I just came across this comment by Geoffrey Miller from 9 hours ago:

Once the FTX debacle gets resolved, and the PR blowback dies down, it might be useful for EAs to try to nudge Bezos to broaden his cause areas -- on the principle that tackling climate change may be moderately important in scope and severity, but is far from neglected, and seems rather intractable politically.

It would be great to see some of the Amazon money going to higher-impact cause areas.

The comment is essentially a truism within EA, yet as of this moment it has 9 karma with 11 votes and only 2 agreement karma with 7 votes, meaning a nontrivial fraction of EA Forum users voting on it disagreed with it.

It's not very often that I come across posts/comments on the Forum where both (1) the karma/agreement voting behavior seems very off the mark from what it seems to me it should be, and (2) I further don't have a good explanation for why the current vote is what it is.
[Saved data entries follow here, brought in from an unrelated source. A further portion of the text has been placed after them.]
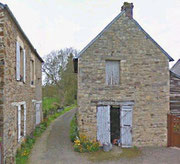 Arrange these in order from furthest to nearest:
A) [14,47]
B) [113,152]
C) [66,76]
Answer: [66,76] < [113,152] < [14,47]

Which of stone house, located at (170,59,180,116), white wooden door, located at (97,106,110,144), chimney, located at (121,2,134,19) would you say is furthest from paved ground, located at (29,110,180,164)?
chimney, located at (121,2,134,19)

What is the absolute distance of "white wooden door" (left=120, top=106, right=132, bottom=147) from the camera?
30.5ft

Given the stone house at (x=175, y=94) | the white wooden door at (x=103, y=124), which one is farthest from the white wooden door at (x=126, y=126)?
the stone house at (x=175, y=94)

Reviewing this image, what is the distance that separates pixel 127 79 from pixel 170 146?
4.09m

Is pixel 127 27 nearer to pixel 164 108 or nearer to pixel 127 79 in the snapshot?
pixel 127 79

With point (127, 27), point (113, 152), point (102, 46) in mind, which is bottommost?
point (113, 152)

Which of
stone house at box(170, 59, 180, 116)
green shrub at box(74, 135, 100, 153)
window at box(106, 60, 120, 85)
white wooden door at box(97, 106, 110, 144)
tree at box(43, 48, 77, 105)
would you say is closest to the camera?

However, in the last few days since the FTX news broke I have noticed more than a few unexpected karma/agreement vote counts (though I didn't save any examples), hence why I'm asking this now.

Has anyone else noticed karma/agreement votes being off from what you'd expect recently too? In particular, have you seen more comments with karma and disagreement downvotes despite no obvious reason (or commented justification) for disagreement?

Or am I wrong in suspecting that voting patterns may have changed recently? (I'm only basing this suspicion based on a few surprising examples in the last few days.)

If it seems like voting behavior has changed/degraded, is it a very recent phenomena (since the FTX news broke?), or has this been a more gradual change that you've noticed for a while?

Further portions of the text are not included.